A recent study by Patel et al. (2021) demonstrated that 200 kHz TTFields impairs GBM aberrant glycolytic metabolism by decreasing the expression of pyruvate kinase M2 (PKM2) (Patel et al., 2021). They utilized [18F]DASA-23, a radiotracer that targets PKM2 and has higher tumor-to-background ratio in the brain compared to the frequently used [18F]FDG radiotracer, and validated the findings using western blotting and immunofluorescent microscopy (Patel et al., 2021; Beinat et al., 2021). They found that TTFields exposure reduced PKM2 expression by 49% after 3 days and by 80% after 6 days of exposure compared to control (Patel et al., 2021). Cancer cells grow rapidly and invade the surrounding normal tissue. In doing so, they rely heavily on glycolysis as an energy source, despite the presence of oxygen. Impeding deranged cancer metabolism with TTFields, and possibly inducing a shift from aberrant glycolysis to oxidative phosphorylation, could be another mechanism through which TTFields stymies cancer cell growth and results in higher cell death without affecting surrounding non-cancer cells (Figure 1).

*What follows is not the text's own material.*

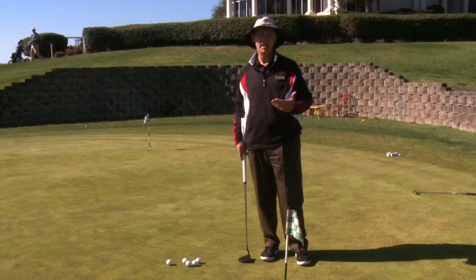Hi, my name is Tom Braun. I'm the head golf professional at Brookside Country Club, and today we're going to talk a little bit about putting. So we talked a little bit earlier about distance control. Now we're going to talk about the second component of the putt, and that's aiming.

Impaired cellular proliferation
TTFields also impedes cancer cell growth and proliferation through interference with normal signaling pathways within cancer cells (Kim et al., 2016, 2019; Lee et al., 2019, 2021). As shown in Supplementary Figure S1, some of these pathways include NF-κB, MAPK, and PI3K/Akt signaling pathways that regulate various cellular responses to environmental factors, including but not limited to inflammatory responses, cellular growth, and apoptosis. Western blotting analysis following 24 h of TTFields exposure to human GBM U373 and U87 cells showed a decrease in NF-κB translation and IκBα, p38, ERK, JNK, and Akt phosphorylation (Kim et al., 2016). Meanwhile, there was no significant reduction in the level of MAPK expression after TTFields exposure (Kim et al., 2016). As shown in Supplementary Figure S1, TTFields exposure downregulates these pathways at each step within the cytoplasm, which is exacerbated by the reduction in NF-κB translation in the ER due to the induction of cellular stress. Additionally, immunofluorescence assay confirmed that TTFields blocked the translocation of NF-κB p65 from the cytoplasm to the nucleus of cancer cells, which, in combination with its effects on DNA damage and fragmentation and inhibition of HR, resulted in a greater decrease in cancer cell survival, growth, and proliferation compared to cells unexposed to TTFields (Kim et al., 2016).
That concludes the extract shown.